Dalla purezza dell’infanzia scaturisce la decisione presa su due piedi di diventare, anzi essere, comunista, dopo aver assistito alla finale dei Mondiali di calcio disputata tra la Germania dell’Ovest (i “nostri”) e quei “poveracci” della Germania dell’Est (che inutile dirlo, prende immediatamente in simpatia). È il disagio che prova di fronte a ciò che dovrebbe pensare e a quello che invece pensa realmente che lo pone su un piano critico, il primo della sua vita, e che lo conduce alla decisione di diventare comunista. Dapprima una scelta presa con istinto, poi una vera e propria convinzione che, tra alti e bassi, lo accompagnerà per tutta la maturità e oltre. Nel tempo si sentirà accerchiato dai giudizi dei parenti, degli amici, dell’ambiente così diverso dal mondo che lui ha scelto. E il confronto con loro, con i simpatizzanti di destra da un lato e gli altri, i ragazzi dalle idee più estremiste che lo canzonano ritenendolo un borghese viziato, lo porta ad essere solo tra due fuochi, con le sue idee e i suoi dubbi, sempre e comunque critico. Il comunismo in lui nasce come slancio verso i più deboli e con una speranza di rinnovamento. Si innamora del progresso di Berlinguer perché risponde alle sue giovani esigenze di voler cambiare il mondo. Racconta anche del caso Moro, come lo colpì nel profondo e come lo segnò l’atteggiamento delle persone che gli stavano vicino: il gruppo di attivisti di sinistra di cui faceva parte Elena, il suo primo amore, gioisce inizialmente di un avvenimento che al contrario lo sconvolge negativamente. Desiderava essere come loro fin dal primo giorno del liceo, ma ora si sente lontano quelle idee. Il padre lo ritiene un terrorista senza speranza, il gruppo di liceali un borghese democristiano. E lui lì, nel mezzo di una guerra identitaria alla quale non partecipa direttamente.

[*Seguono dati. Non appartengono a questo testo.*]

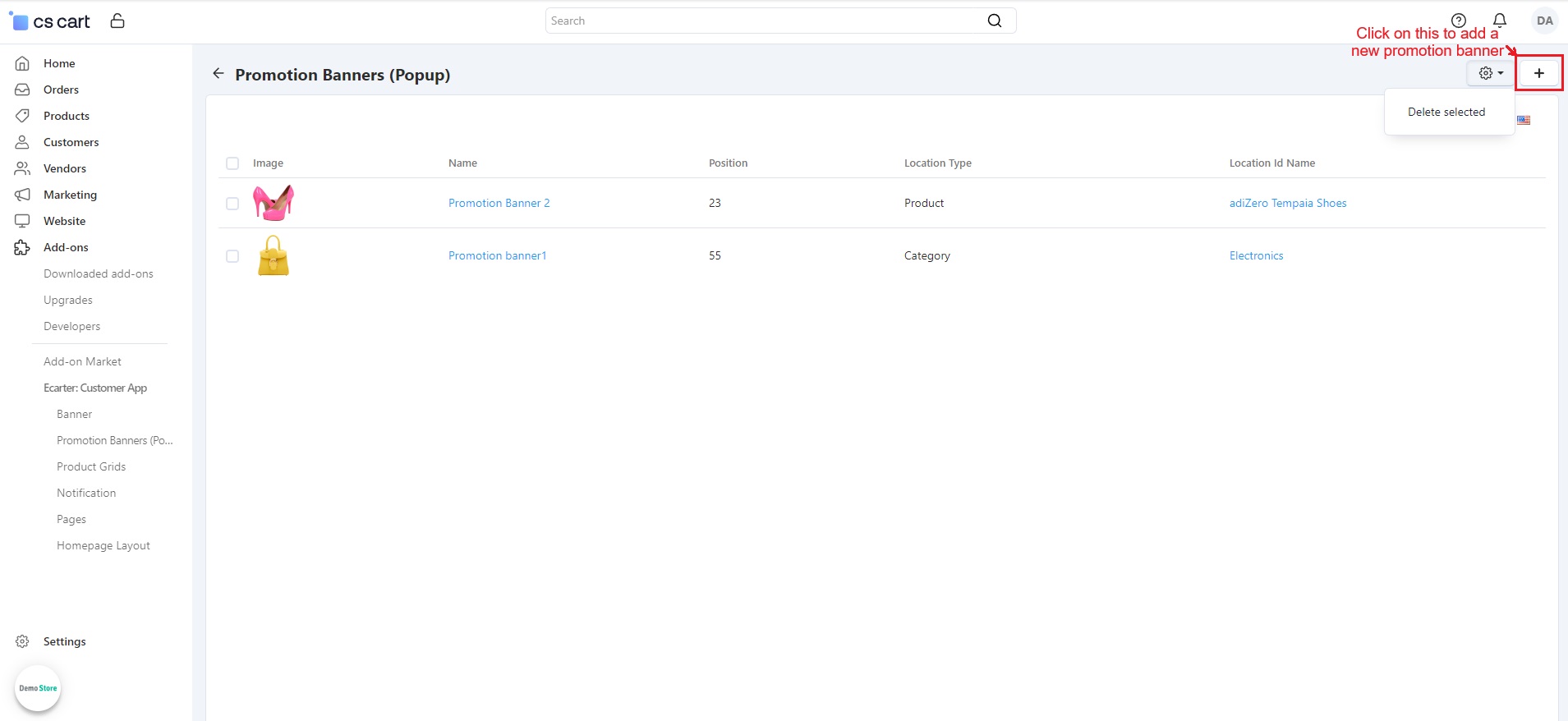 Customer Mobile App — image 50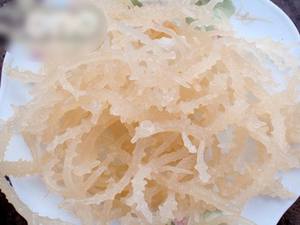 Fournisseur vietnamien, bon prix, matière première en vrac, algues marines/algues séchées, qualité supérieure naturelle en provenance du Vietnam/Shyn Tran - Product Image 6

Stavo in mezzo, ero il compromesso tra queste due faccende della vita. Ero il compromesso tra il coinvolgimento totale e l’estraneità. Era, insomma, il mio sguardo sul mondo, che non sarebbe più cambiato

Un periodo della vita più infelice che felice, quello passato a rincorrere i propri ideali e ad ammirare Berlinguer. Un periodo della vita più sereno, quello in cui si accanisce contro il “nemico” Berlusconi. Lo spostamento graduale da una vita che credeva “pura” a quella “impura” dove maggiormente si mette in discussione. L’epoca della vita impura, quando si afferma nella vita pubblica e gli viene richiesto di firmare appelli, scrivere articoli moraleggianti, dare la sua opinione sul mondo. Tutto questo nella spirale di indignazione nei confronti di Berlusconi che vede accuse contro di lui che proteggono da qualsiasi ragionamento critico, un nemico da combattere e additare quando la situazione lo richiedeva.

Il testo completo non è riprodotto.